── Input data ──

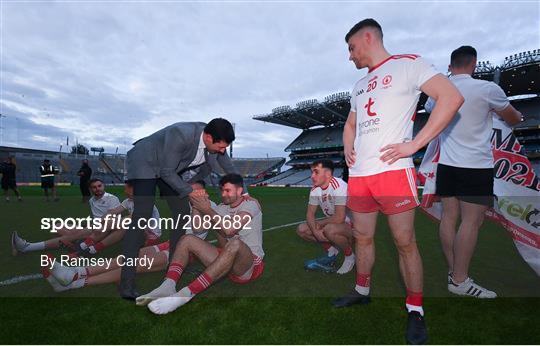 Mayo v Tyrone - GAA Football All-Ireland Senior Championship Final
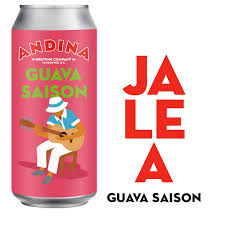 Andina - Jalea Guava Saison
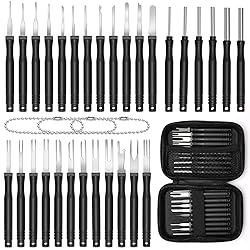 Anglekai 30+4P Terminal Pin Removal Tool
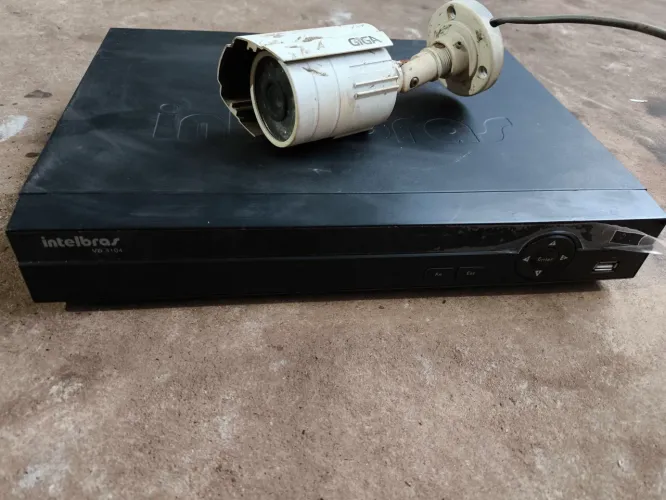 DVR Intelbras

───

> **Exercise details**
Restate word for word only the lines that run from the line holding "Anglekai 30+4P Terminal Pin Removal Tool" to the end of the data, both ends kept, leaving every picture out.

> **Exercise answer**
 Anglekai 30+4P Terminal Pin Removal Tool
 DVR Intelbras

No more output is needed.